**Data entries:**
-----

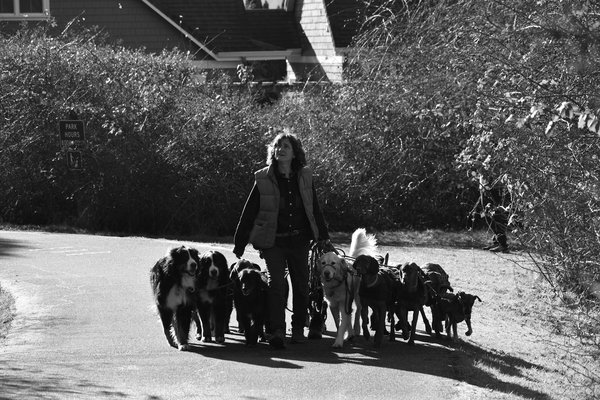 Pourquoi certaines espèces de poissons développent-elles des couleurs vives pour se camoufler?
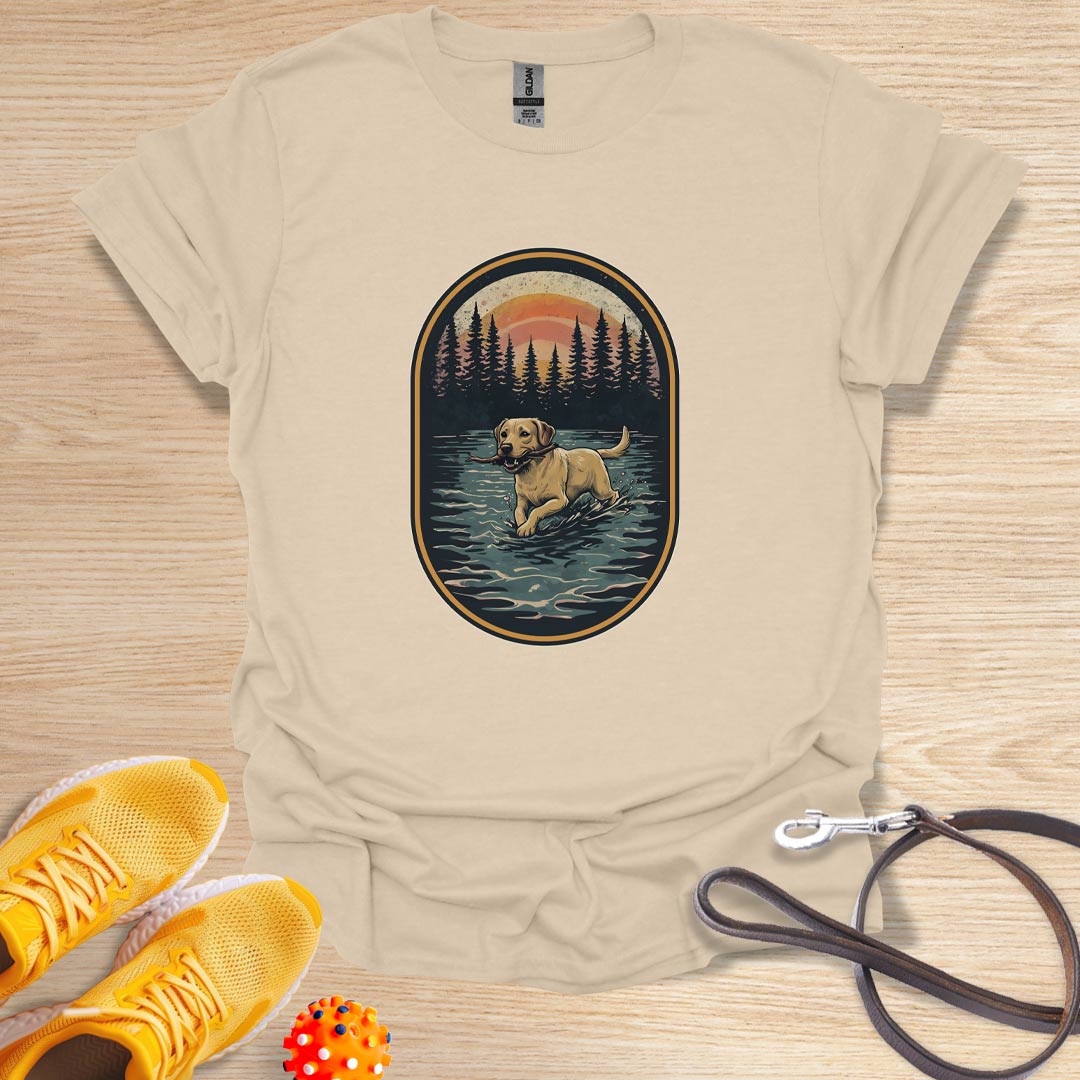 Lab in the Wild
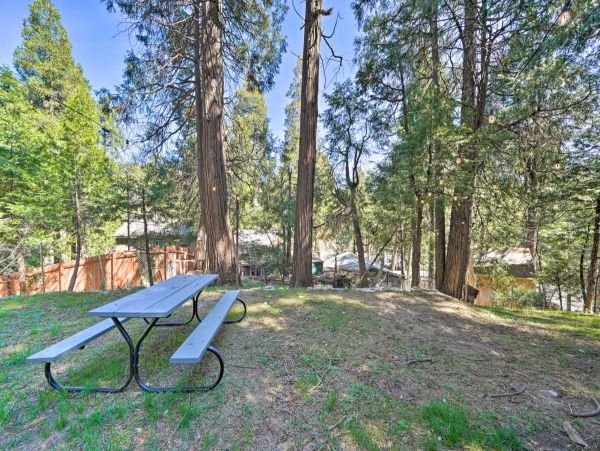 Big Bear Home 998137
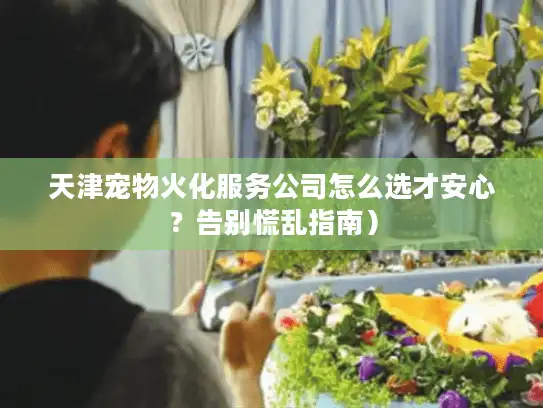 天津宠物火化服务公司怎么选才安心？告别慌乱指南）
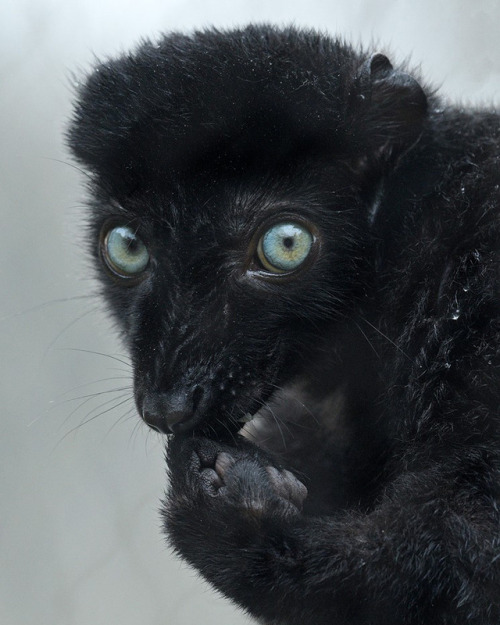 sdzoo - The blue-eyed black lemur is the only primate besides...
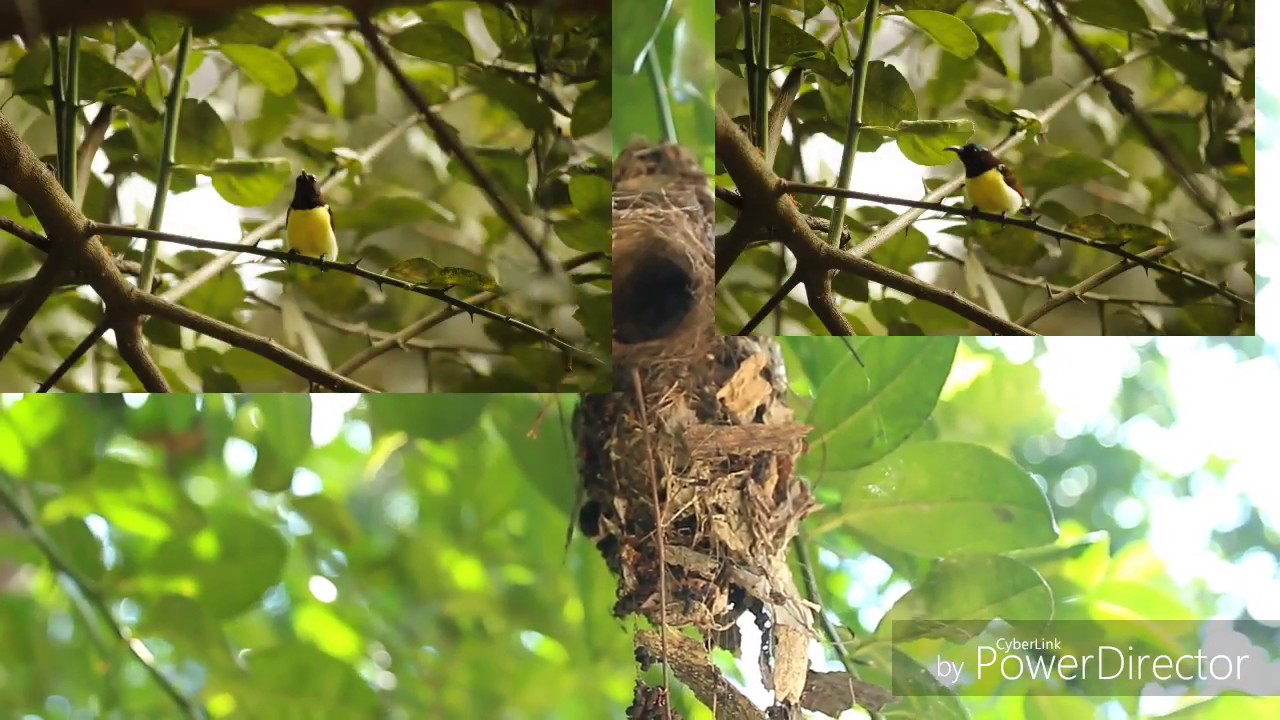 Moutusi Pakhi (Purple rumped Sunbird )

-----

**WHAT THE EXERCISE ASKS:** Every record above, copied exactly and without a single picture, makes up the answer.

**ANSWER FOR THIS EXERCISE:**
 Pourquoi certaines espèces de poissons développent-elles des couleurs vives pour se camoufler?
 Lab in the Wild
 Big Bear Home 998137
 天津宠物火化服务公司怎么选才安心？告别慌乱指南）
 sdzoo - The blue-eyed black lemur is the only primate besides...
 Moutusi Pakhi (Purple rumped Sunbird )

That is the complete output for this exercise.